--- Given information Enclosed Below ---
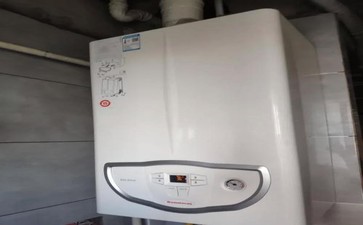 爱尼壁挂炉故障码e2，故障维修和解决办法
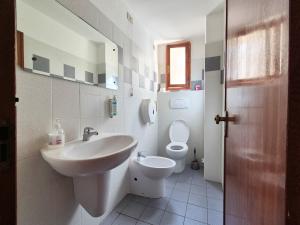 Double or Twin Room with Shared Bathroom room in Helvetia Pisa Tower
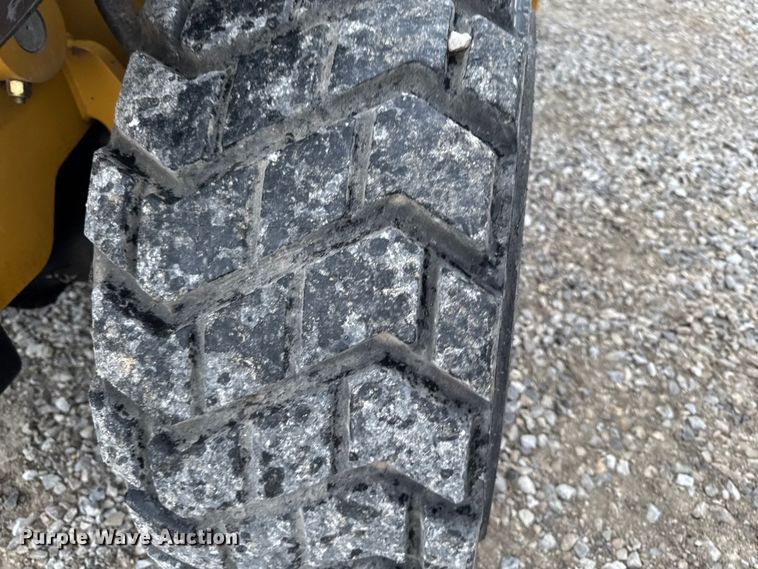 image for item DV2027 2012 Caterpillar TH255 telehandler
--- End of Enclosed Given information ---
__Exercise brief__
Print the listing exactly, images excluded.

__Task answer__
 爱尼壁挂炉故障码e2，故障维修和解决办法
 Double or Twin Room with Shared Bathroom room in Helvetia Pisa Tower
 image for item DV2027 2012 Caterpillar TH255 telehandler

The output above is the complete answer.